What the task asks » In the entries below, find the line with "GlobalNet Success: Macalin" and the line with "Dungeon de Tatakaitsuzukete"; give again those lines and every line between them, exactly.

Task inputs »
--*--

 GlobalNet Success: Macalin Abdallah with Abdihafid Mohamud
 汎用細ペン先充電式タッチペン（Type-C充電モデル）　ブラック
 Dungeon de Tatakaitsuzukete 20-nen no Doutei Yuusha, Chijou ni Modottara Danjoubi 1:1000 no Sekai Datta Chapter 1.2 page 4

--*--

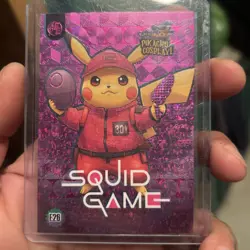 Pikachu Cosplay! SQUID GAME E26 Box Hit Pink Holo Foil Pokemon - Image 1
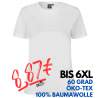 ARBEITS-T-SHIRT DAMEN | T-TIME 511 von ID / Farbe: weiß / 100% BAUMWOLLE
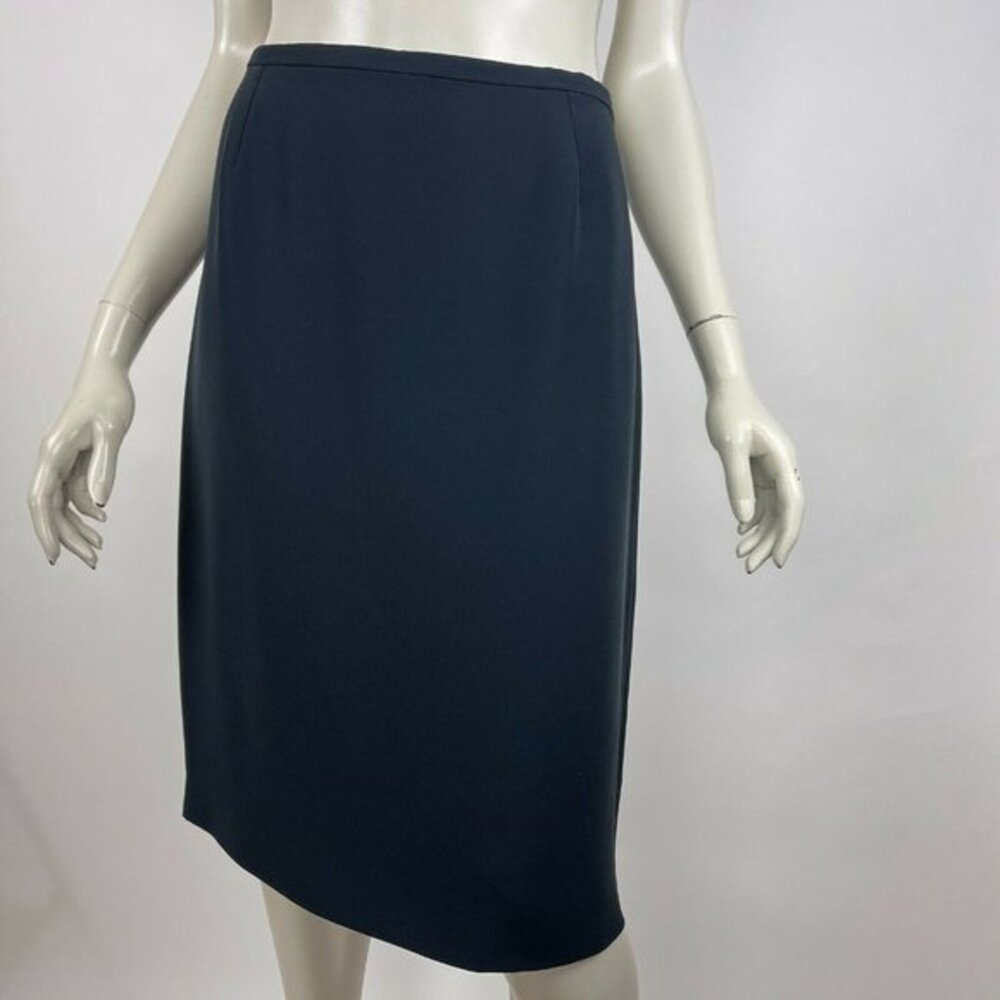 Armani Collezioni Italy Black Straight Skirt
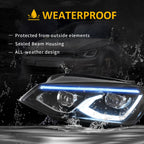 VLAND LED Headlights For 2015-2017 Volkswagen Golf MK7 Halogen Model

--*--

Answer space »
 GlobalNet Success: Macalin Abdallah with Abdihafid Mohamud
 汎用細ペン先充電式タッチペン（Type-C充電モデル）　ブラック
 Dungeon de Tatakaitsuzukete 20-nen no Doutei Yuusha, Chijou ni Modottara Danjoubi 1:1000 no Sekai Datta Chapter 1.2 page 4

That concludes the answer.